Reproduce the listing in its entirety. Do not reproduce the pictures.
======== Information shown
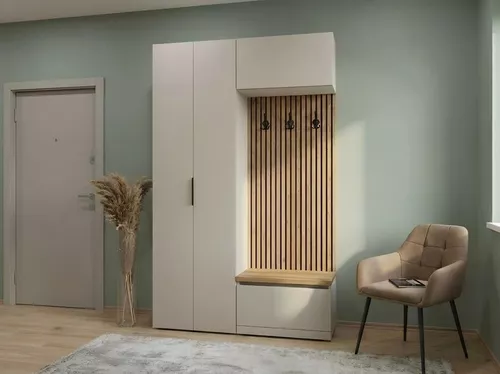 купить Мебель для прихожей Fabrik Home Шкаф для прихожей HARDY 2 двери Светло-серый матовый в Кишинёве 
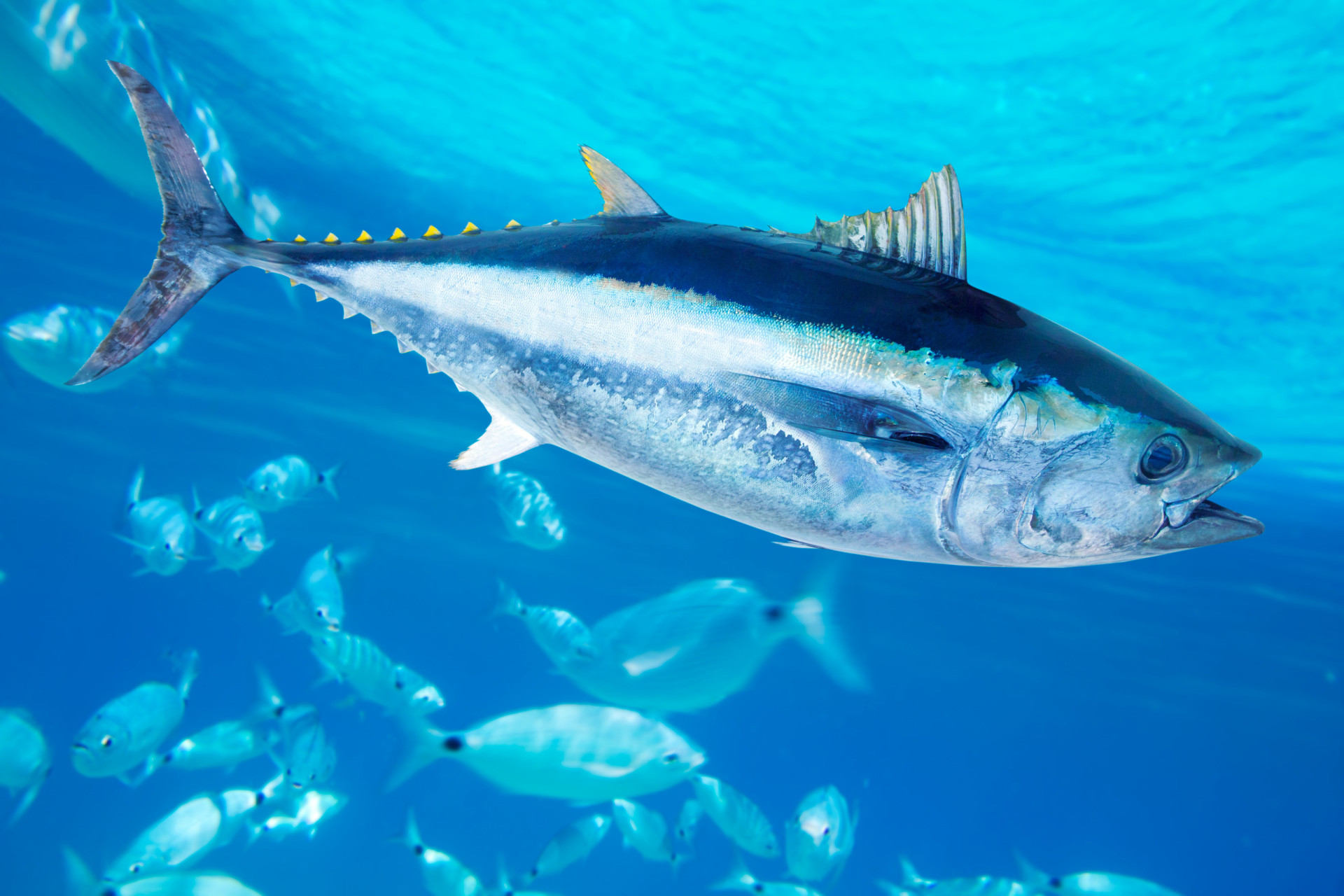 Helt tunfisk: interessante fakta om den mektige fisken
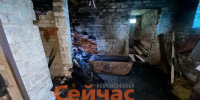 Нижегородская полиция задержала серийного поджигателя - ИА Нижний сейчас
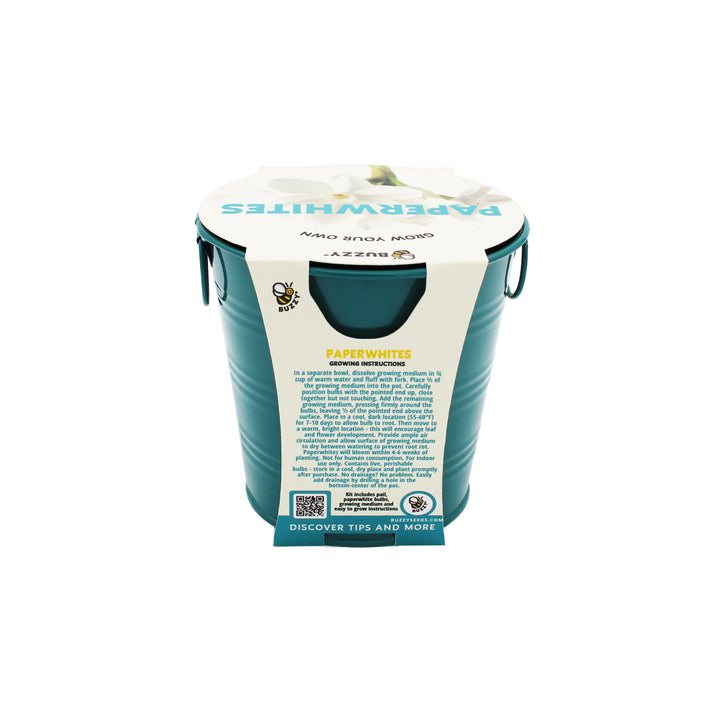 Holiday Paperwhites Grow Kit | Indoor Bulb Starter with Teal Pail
================
Output of the exercise:
 купить Мебель для прихожей Fabrik Home Шкаф для прихожей HARDY 2 двери Светло-серый матовый в Кишинёве 
 Helt tunfisk: interessante fakta om den mektige fisken
 Нижегородская полиция задержала серийного поджигателя - ИА Нижний сейчас
 Holiday Paperwhites Grow Kit | Indoor Bulb Starter with Teal Pail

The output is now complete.